As an industry association, it is vitally important that we try and identify these trends; how they may affect our work in the short term, as well as some of our longer term thinking.
Immediately in front of us in terms of importance and timeliness is of course SFTR, where much of our attention is focused today. On Monday 27th May, the European Securities and Markets Authority (ESMA) launched a consultation on SFTR reporting draft Guidelines. These Guidelines will supplement the reporting RTS/ITS, and serve to clarify certain technical/procedural aspects of the reporting regime. In looking at ESMA’s proposed draft Guidelines, it is very encouraging from our perspective that much of the hard work we have been doing with ESMA and key industry stakeholders is reflected in this latest consultation. Having said that, we recognise there is still much to be done to successfully ‘land’ this most complex of reporting regimes. Whilst we at ISLA remain fully committed to the current implementation timelines (first reports for tier one names being submitted to trade repositories in Q2 2020), I am mindful of the considerable work and testing that will be needed to be done across the industry once the technical reporting standards are finalised. ESMA’s own comments around the release of the consultation suggest that this will now most likely be in Q4 this year.

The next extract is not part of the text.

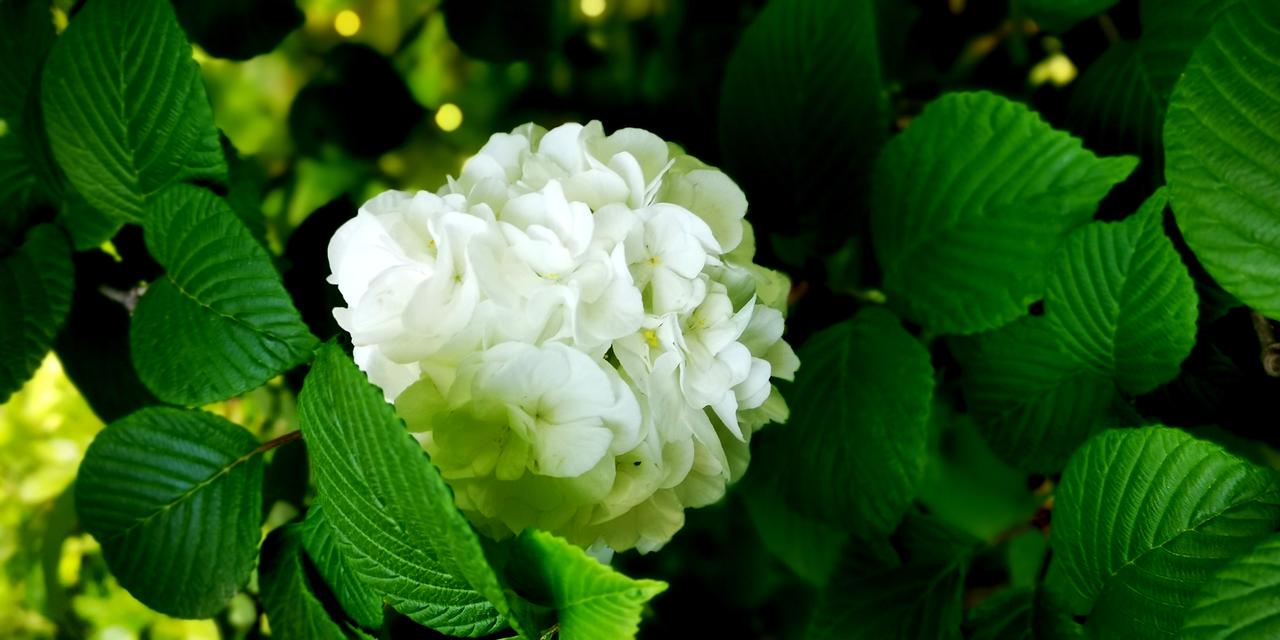 分享一下你拍的花朵好多人叫她绣球，木本绣球，因其形，赋其名。其实，她不叫绣球，叫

On the 29th May, I attended the regular Bank of England Securities Lending Committee (SLC) meeting. Whilst there was considerable attention on the market’s preparations and readiness for both SFTR and CSDR, I noted some important and subtle changes to the focus of the debates around the table. Part of the role of this group is to look further out, and to think about the key drivers for change across the securities lending markets. In that regard, this group considered a number of topics, all of which will be familiar to readers of this blog and the work of ISLA more broadly.

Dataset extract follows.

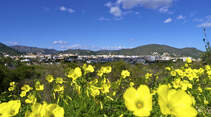 Costa Blanca Blumenwelt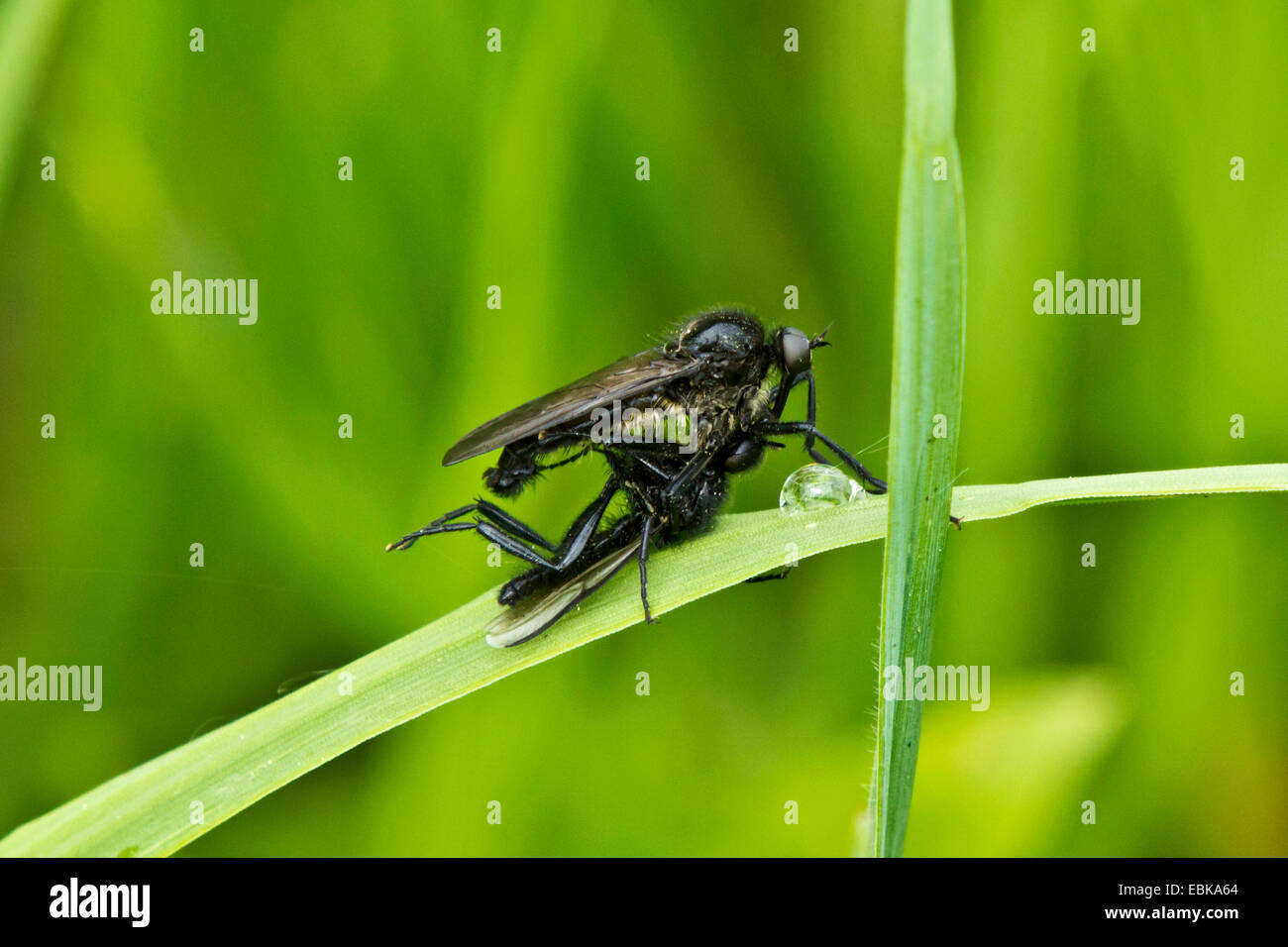Y hierba robberflies moscas (Asilidae), con presas en una hoja de hierba, Alemania, Baviera Foto de stock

The first I would like to highlight is ESG. The ESG debate and how securities lending co-exists alongside the principals of responsible investing and good corporate governance, is something that ISLA has been looking at for some time. All around the table acknowledged how important it will be to get this dynamic right if we want proper secondary market liquidity behind these funds, as well as allowing investors to see incremental returns to their investments through securities lending. This theme will be explored at future meetings and will be a key component of the sustainability sessions at the ISLA conference in Madrid later this month. Two further agenda items from the meeting that I would like to highlight are relative performance measurement for securities lending, and the drive towards diversity across our markets and institutions.

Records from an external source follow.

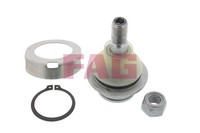 Traggelenk FüHrungsgelenk Schaeffler FAG 825 0104 10 FüR Ford Transit Tourneo F3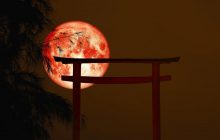 Кривавий Місяць і затемнення 14 березня 2025: похитне рівновагу чотирьох знаків Зодіаку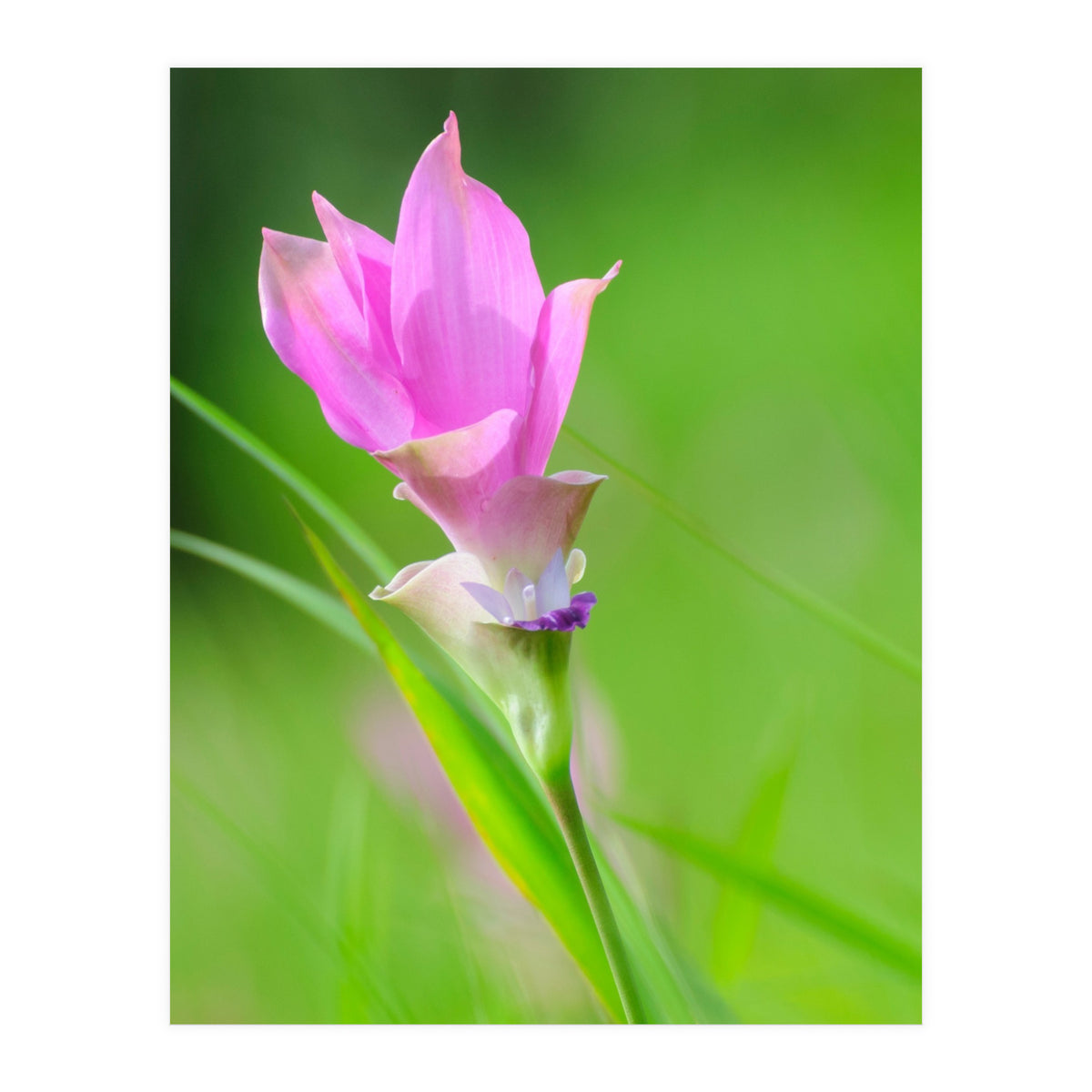 Nature 4000x6000 (12) (Print Only)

For some time, the routine process of trying to understand how a particular fund or groups of funds have been performing in the context of securities lending, has faced increasing scrutiny from investors and more recently, regulators. The discussion on this point was very timely, as on Tuesday 4th June, ISLA chaired the first meeting of a working group of vendors and market participants who would like to create a better level of transparency and mutual understanding around the aggregation process for gathering performance data, the key elements to the attribution process and the basis of the various output metrics used across the industry. This first stage of analysis will hopefully lead to the publication of best practice principles or guidelines, and provide a more consistent platform for peer review, allowing underlying investors to have greater confidence in both the inputs and outputs around this process. Again, this topic will feature at our up and coming Madrid conference, where the wider institutional investor community will be able to debate the topic with their peers in a closed-door environment.
Finally, I wanted to touch upon the broader issue of diversity and in particular, some of the work we are doing in partnership with ‘Women in Securities Finance‘. When we look at this critically important issue, I would like to think that any of you looking at our running agenda in Madrid, will see strong and growing gender diversity. I also believe that ISLA has an important role to play in promoting and delivering on the important principles that underpin these initiatives. For those of you who will be with us in Madrid, I would like to highlight some key sessions on the Thursday. Here, we start the day with a Breakfast event that we will be running jointly with ‘Women in Securities Finance’, a group whose guiding principles include the empowerment of females within the industry to connect professionally, collaborate and share insights. Jon Terry, Global Financial Services People Leader at PwC, who will provide some perspectives at this event, will go on to deliver a broader presentation on diversity and inclusion later that morning.